From 604db9b6fcc9be1657373a4403b1300b2778252c Mon Sep 17 00:00:00 2001
From: Ilya-E <ilyaeck@gmail.com>
Date: Thu, 28 Jul 2016 23:47:51 -0700
Subject: [PATCH 1/2] Enable using sample weights in cross-validation

This fix enables use of sample weights in cross validation, i.e.,
cross_val_score and cross_val_predict. Since most classifiers
(estimators) do explicitly allow sample weights in fit(), this
capability is required to adequately measure performance in those cases.
---
 sklearn/cross_validation.py | 85 ++++++++++++++++++++++++-------------
 1 file changed, 55 insertions(+), 30 deletions(-)

diff --git a/sklearn/cross_validation.py b/sklearn/cross_validation.py
index e23d1040b12c1..ec6bf102ebc4d 100644
--- a/sklearn/cross_validation.py
+++ b/sklearn/cross_validation.py
@@ -22,21 +22,21 @@
 import numpy as np
 import scipy.sparse as sp
 
-from .base import is_classifier, clone
-from .utils import indexable, check_random_state, safe_indexing
-from .utils.validation import (_is_arraylike, _num_samples,
+from sklearn.base import is_classifier, clone
+from sklearn.utils import indexable, check_random_state, safe_indexing
+from sklearn.utils.validation import (_is_arraylike, _num_samples,
                                column_or_1d)
-from .utils.multiclass import type_of_target
-from .externals.joblib import Parallel, delayed, logger
-from .externals.six import with_metaclass
-from .externals.six.moves import zip
-from .metrics.scorer import check_scoring
-from .utils.fixes import bincount
-from .gaussian_process.kernels import Kernel as GPKernel
-from .exceptions import FitFailedWarning
+from sklearn.utils.multiclass import type_of_target
+from sklearn.externals.joblib import Parallel, delayed, logger
+from sklearn.externals.six import with_metaclass
+from sklearn.externals.six.moves import zip
+from sklearn.metrics.scorer import check_scoring
+from sklearn.utils.fixes import bincount
+from sklearn.gaussian_process.kernels import Kernel as GPKernel
+from sklearn.exceptions import FitFailedWarning
 
 
-warnings.warn("This module was deprecated in version 0.18 in favor of the "
+warnings.warn("This module has been deprecated in favor of the "
               "model_selection module into which all the refactored classes "
               "and functions are moved. Also note that the interface of the "
               "new CV iterators are different from that of this module. "

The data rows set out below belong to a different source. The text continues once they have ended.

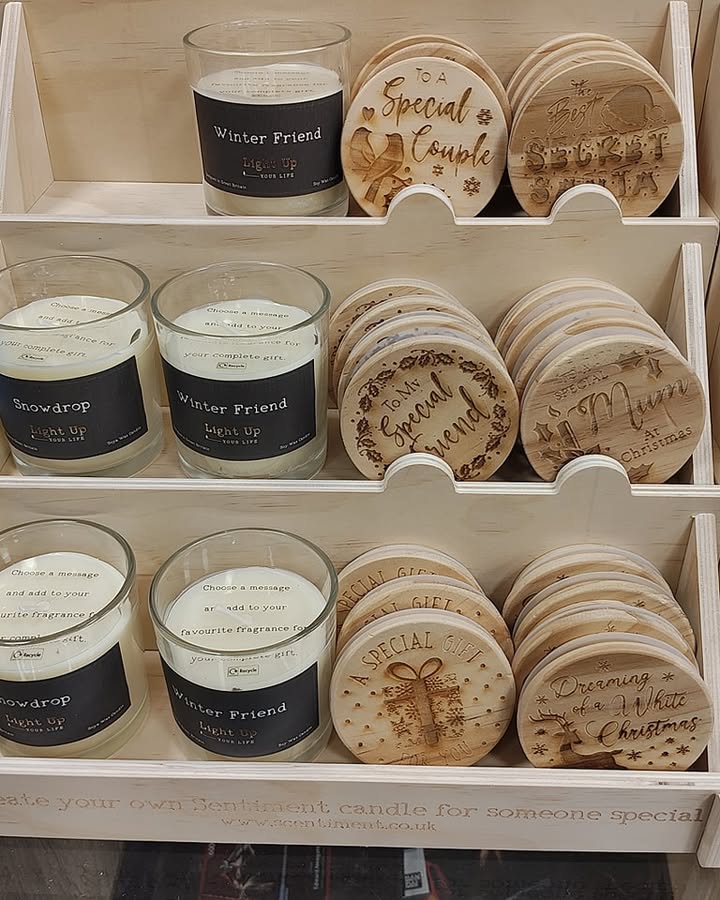 New coasters and candles in stock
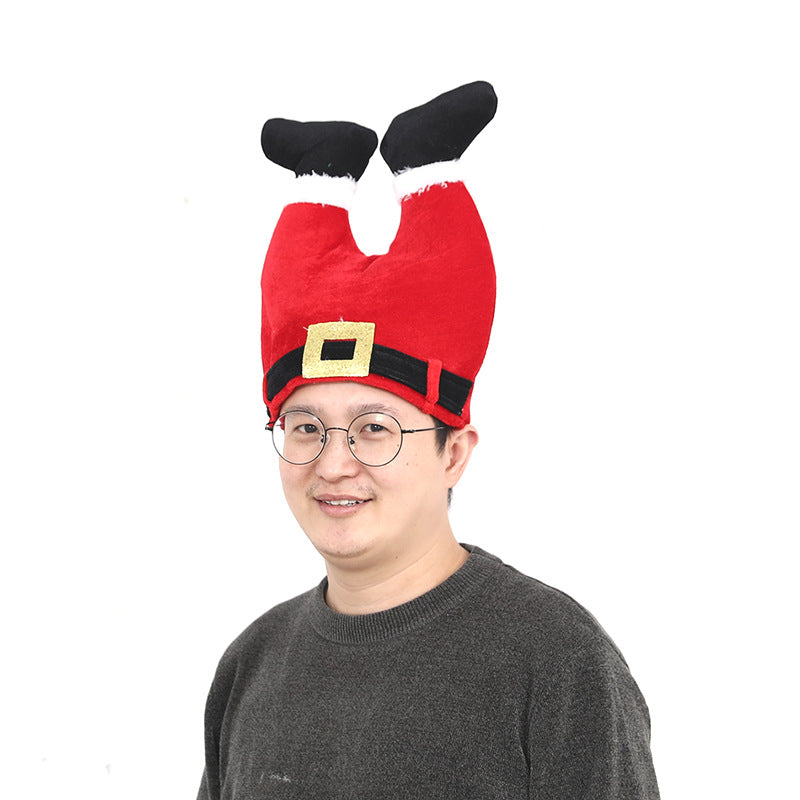 Gorro Navideño Divertido con Diseños de Santa Claus, Árbol de Navidad y Pantalones Invertidos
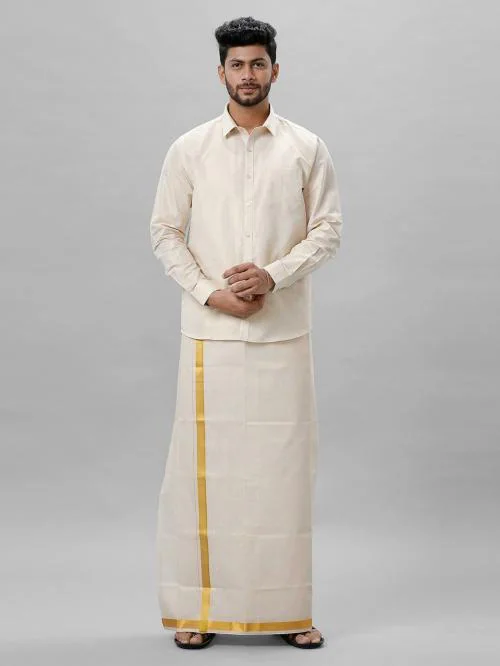 Ramraj Men White Solid Spread collar Long sleeves Tissue Shirt and Dhoti Set.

@@ -1199,7 +1199,7 @@ def _index_param_value(X, v, indices):
 
 
 def cross_val_predict(estimator, X, y=None, cv=None, n_jobs=1,
-                      verbose=0, fit_params=None, pre_dispatch='2*n_jobs'):
+                      verbose=0, fit_params=None, sample_weights=None, pre_dispatch='2*n_jobs'):
     """Generate cross-validated estimates for each input data point
 
     Read more in the :ref:`User Guide <cross_validation>`.
@@ -1242,6 +1242,9 @@ def cross_val_predict(estimator, X, y=None, cv=None, n_jobs=1,
     fit_params : dict, optional
         Parameters to pass to the fit method of the estimator.
 
+    sample_weights : array-like, optional, default: None
+        Sample weights for weighted scoring.
+
     pre_dispatch : int, or string, optional
         Controls the number of jobs that get dispatched during parallel
         execution. Reducing this number can be useful to avoid an
@@ -1275,6 +1278,8 @@ def cross_val_predict(estimator, X, y=None, cv=None, n_jobs=1,
     >>> y_pred = cross_val_predict(lasso, X, y)
     """
     X, y = indexable(X, y)
+    if sample_weights is None:
+        sample_weights = np.ones(y.shape[0], 1)
 
     cv = check_cv(cv, X, y, classifier=is_classifier(estimator))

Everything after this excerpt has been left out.